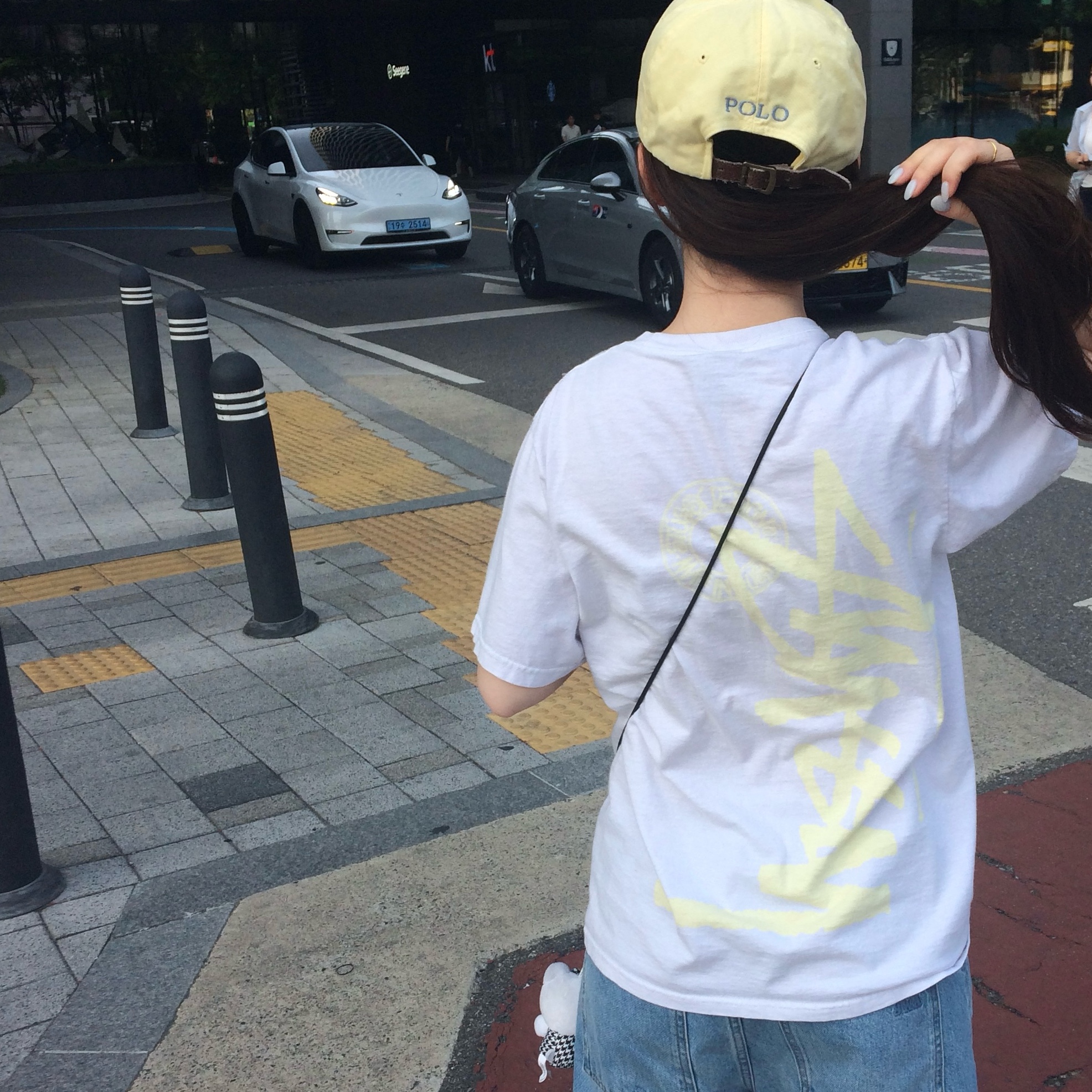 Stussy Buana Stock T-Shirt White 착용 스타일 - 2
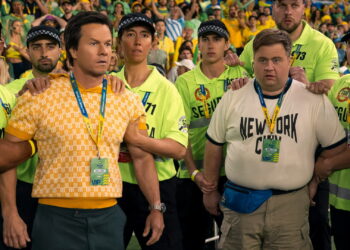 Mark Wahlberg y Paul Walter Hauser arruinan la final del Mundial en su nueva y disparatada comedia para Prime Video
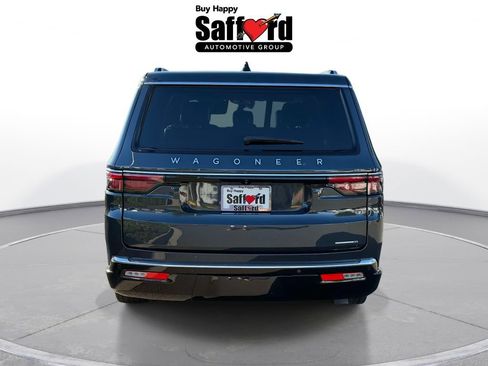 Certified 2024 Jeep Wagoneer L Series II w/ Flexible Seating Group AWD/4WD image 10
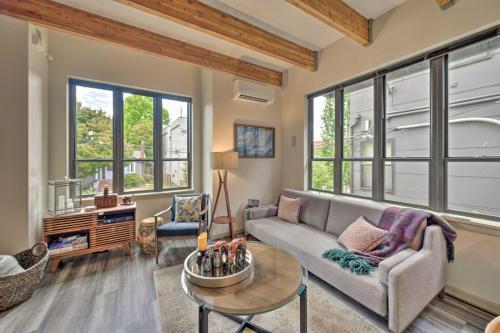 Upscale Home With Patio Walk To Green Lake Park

#### Exercise description
Omit the pictures and return exactly the lines from the line containing "Certified 2024 Jeep" through the final line of the material above, both ends included.

#### Written response
 Certified 2024 Jeep Wagoneer L Series II w/ Flexible Seating Group AWD/4WD image 10
 Upscale Home With Patio Walk To Green Lake Park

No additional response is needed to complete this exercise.